Elle fait valoir que le logiciel a été créé par Pierre A..., actuel dirigeant de TWD qui l'a apporté en industrie à la société TWD INDUSTRIES LLC créée début 1998 aux Etats-Unis puis a transféré son activité en France en créant en 2002 la SAS TWD INDUSTRIES. Elle ajoute que le logiciel repose sur le brevet français N° FR 03/03268 déposé par Pierre A... le 18 mars 2003. Elle bénéficie de la présomption légale de la qualité d'auteur et la SA GIMEL LAVERGNE doit apporter la preuve contraire.
Sur les moyens de preuve, elle expose que c'est la société GIMEL qui a déclenché l'enregistrement d'une clef de licence contrefaite en utilisant une version altérée du logiciel dans laquelle le dispositif de protection ne vérifie plus la validité de la clé de licence et que si elle avait utilisé la version originale, le logiciel en version de démonstration ne se serait jamais enregistré, même avec l'importation d'une clef de licence contrefaite.
Sur son préjudice, elle expose que son calcul ne peut se fonder uniquement sur la base de l'achat d'une licence mais doit tenir compte de l'achat annuel des mises à jour des licences acquises.

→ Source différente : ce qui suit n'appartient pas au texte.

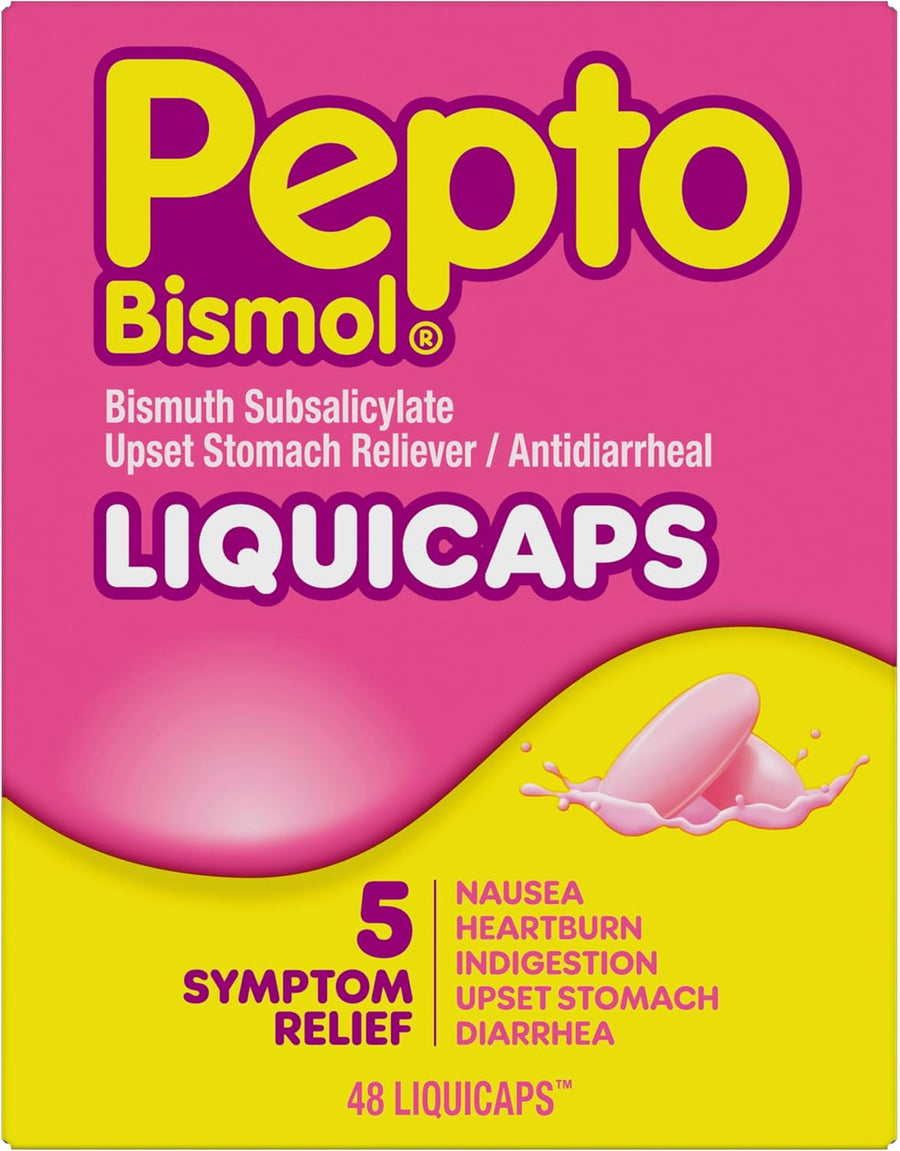 Pepto Bismol Anti-Diarrheal Chewable Tablet, 262 mg, 48 per Box ABD Medical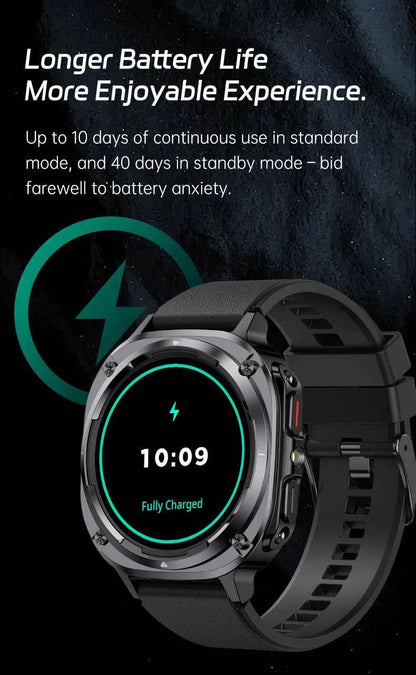 Watch 7 Ultra Smart Watch HD Round Display, Heart Rate, Blood Oxygen, GPS, Bluetooth Calling, IPX8 Waterproof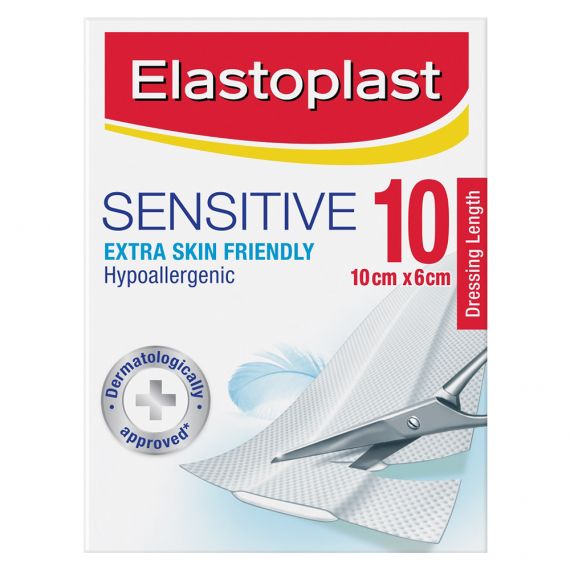Elastoplast Sensitive Dressing 10cmx6cm 10pk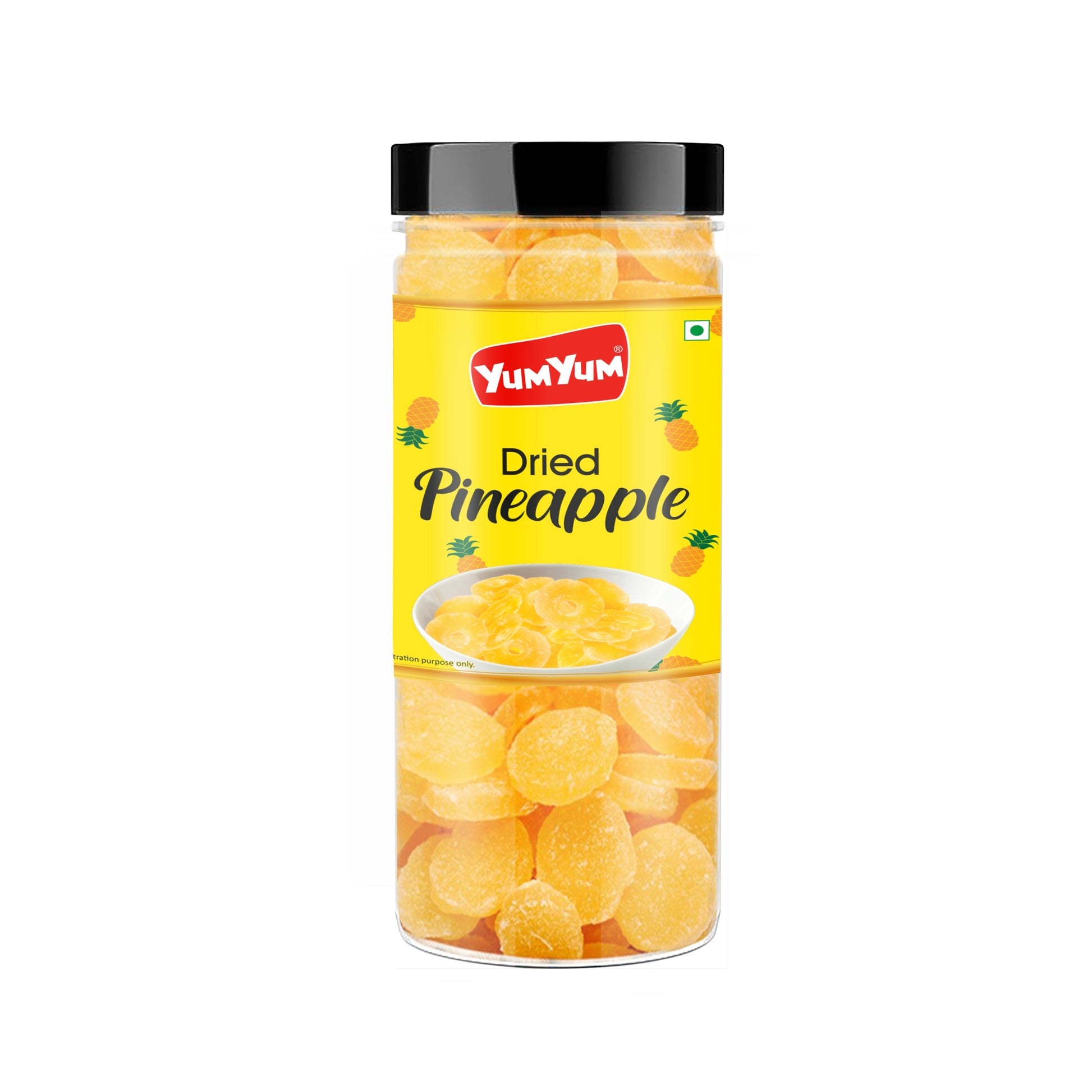 Yum Yum Dried Pineapple Jar  Grab2Buy Yum Yum Grab2Buy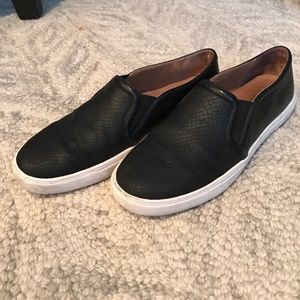 Halogen Black Reptile Slip On Sneakers size 11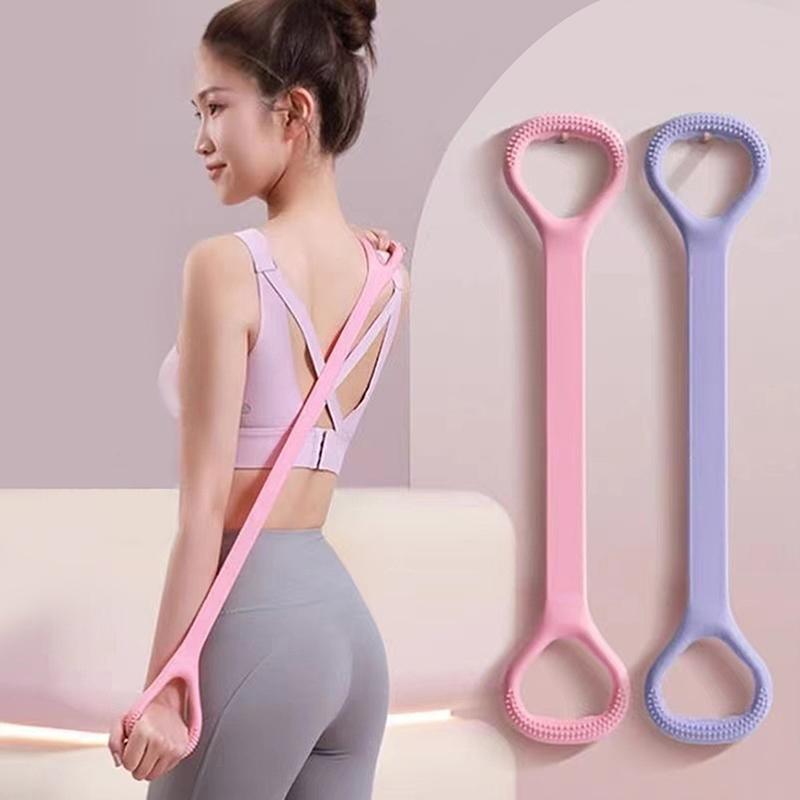 Stretch Strap 8-Character Puller Home Fitness Equipment Elastic Belt Yoga Auxiliary Female Open Shoulder Beauty Back Stretcher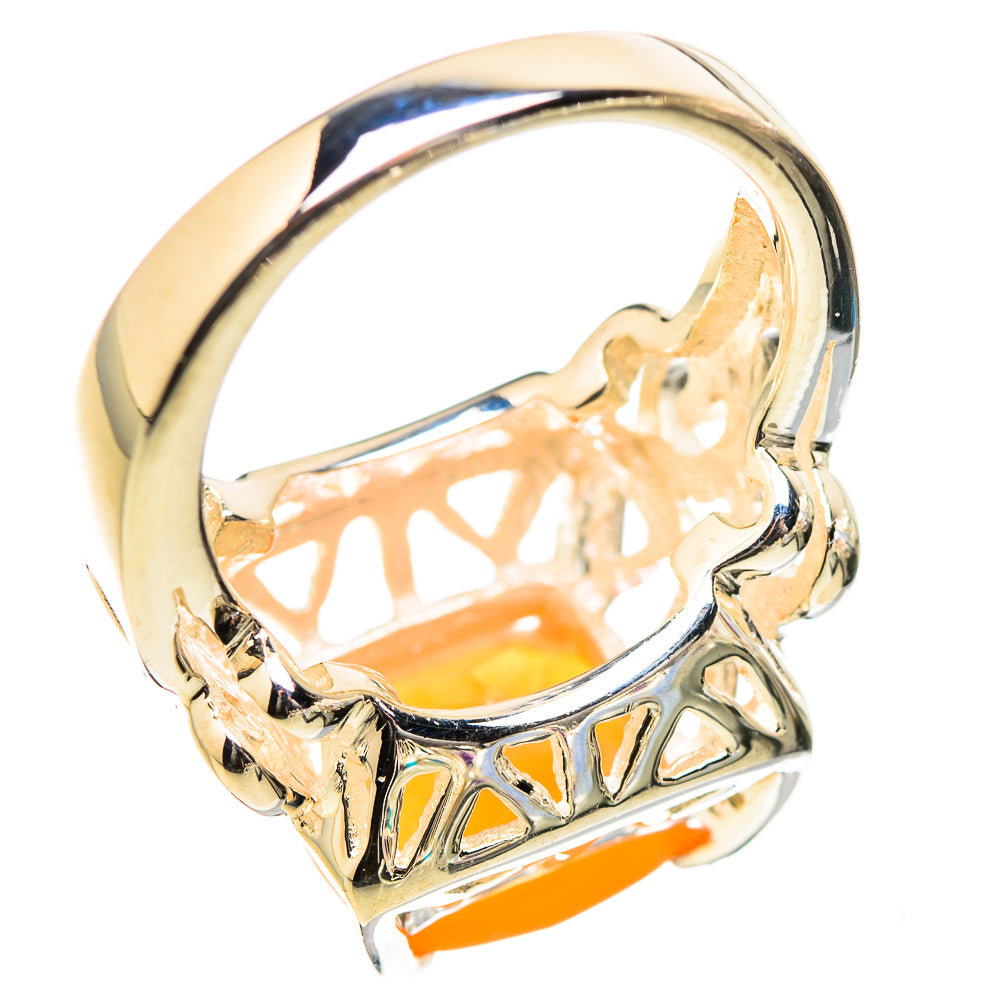 Peach Moonstone Rings handcrafted by Anasilvercos - RING130425 - Photo 3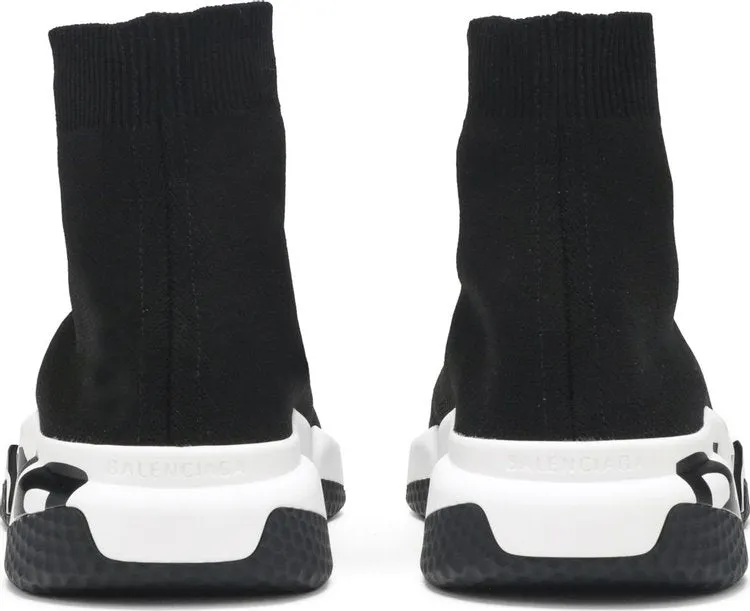 Balenciaga Speed Trainer Graffiti Sneakers - Black White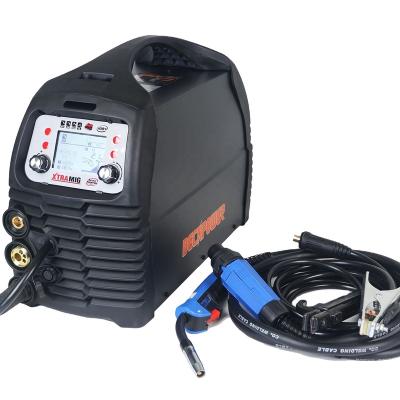 China Building Material Stores Decapower Arc Inverter 4 In 1 Muttahida Majlis-e-Amal Magnetic MIG TIG Welders Gas No Gas Multi Process MIG Welding Machine For Steel Aluminum Welding for sale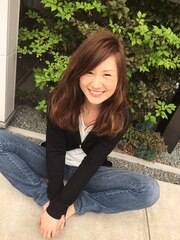 長めバングで大人可愛い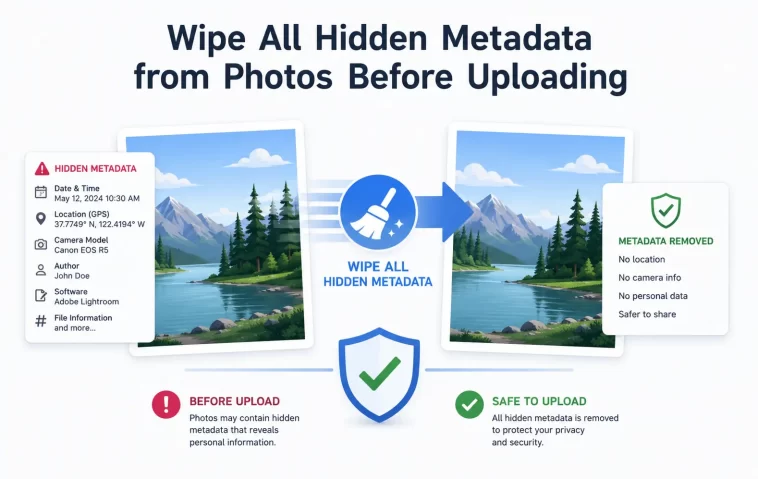 How to Completely Wipe All Hidden Metadata from Photos Before Uploading 1 Wipe All Hidden Metadata from Photos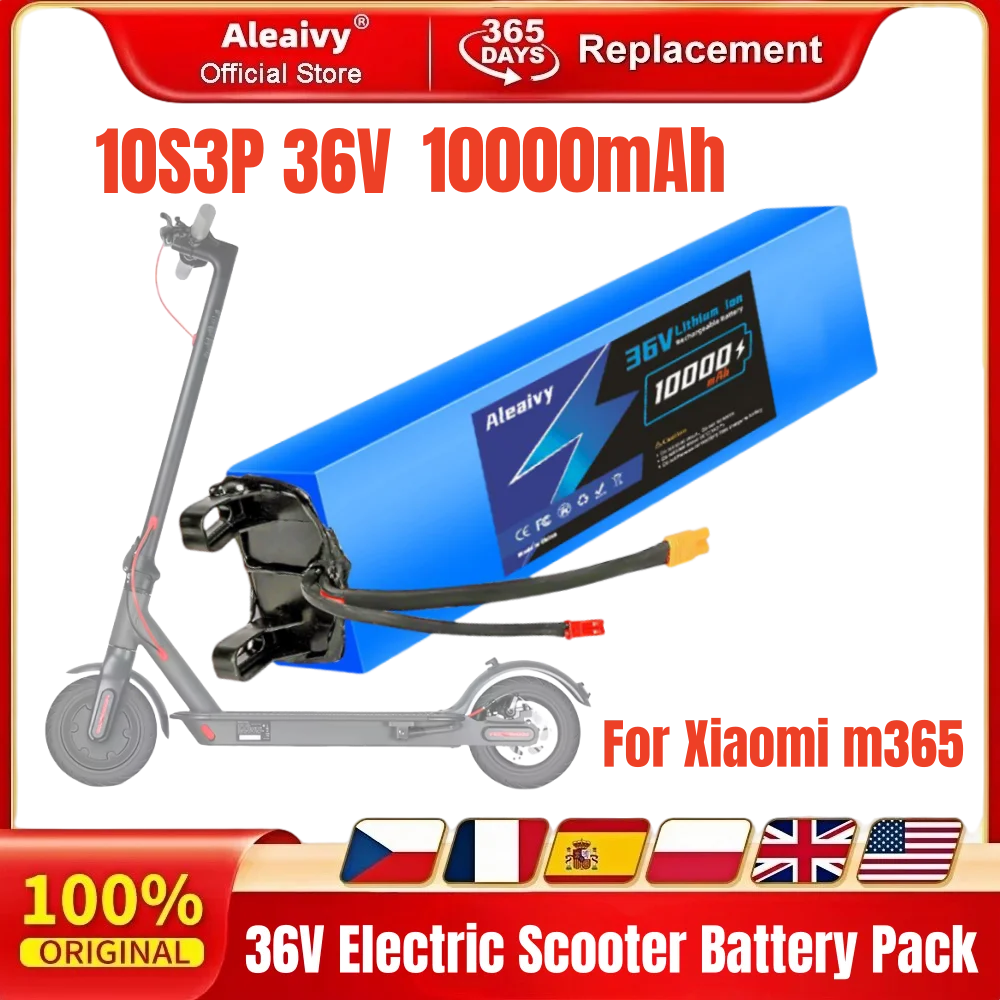 10S3P 36 فولت بطارية 7800 مللي أمبير مناسبة ل Xiaomi M365/M365pro بطارية سكوتر كهربائي جديدة 18650 بطارية ليثيوم أيون مع BMS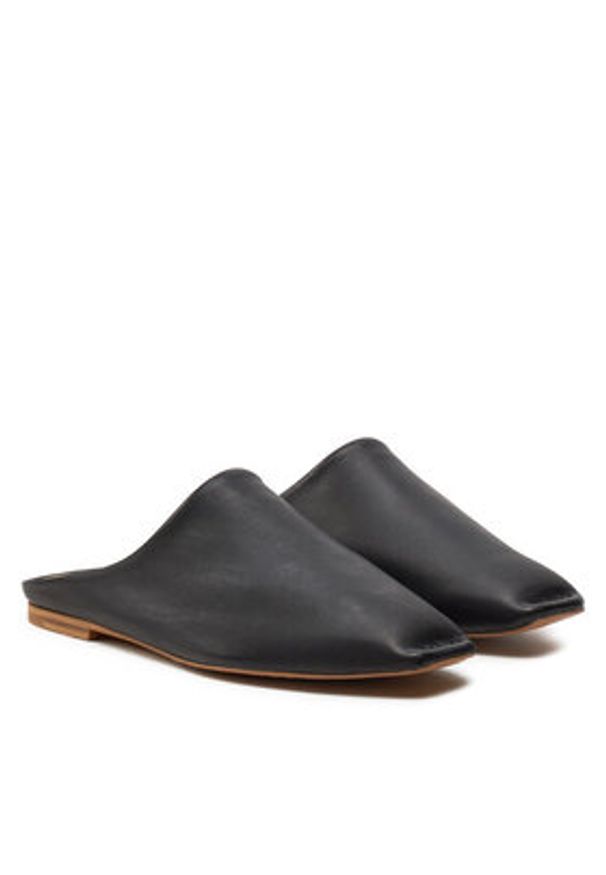 BALAGAN - Balagan Klapki Bayit Czarny. Kolor: czarny. Materiał: skóra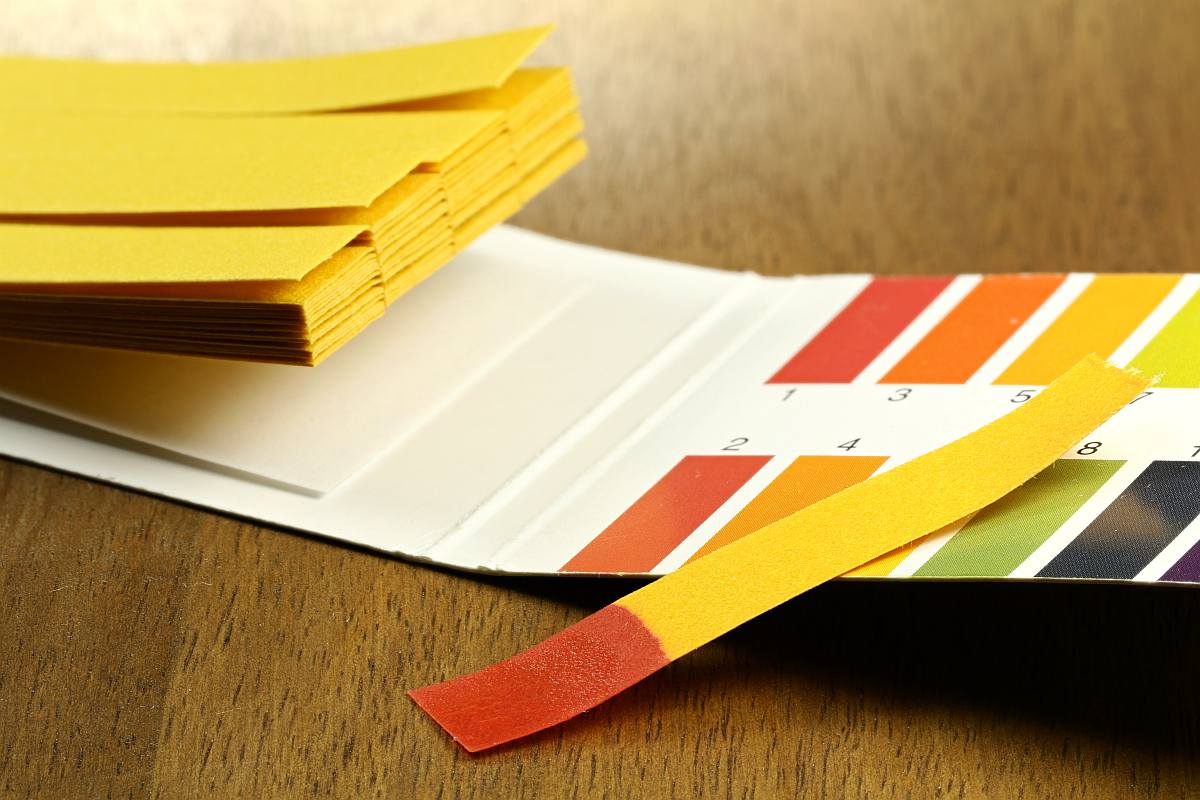 Litmus paper on table | What Exactly Is pH Level and Why Should I Care?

Elle estime que son préjudice se situe à plusieurs niveaux : perte de ventes, avilissement de la marque, perte de parts de marchés, perte de bénéfices, perte de notoriété de la marque et du produit, banalisation des actes de contrefaçon, moindre qualité des logiciels contrefaisant et dépréciation et vulgarisation de l'oeuvre.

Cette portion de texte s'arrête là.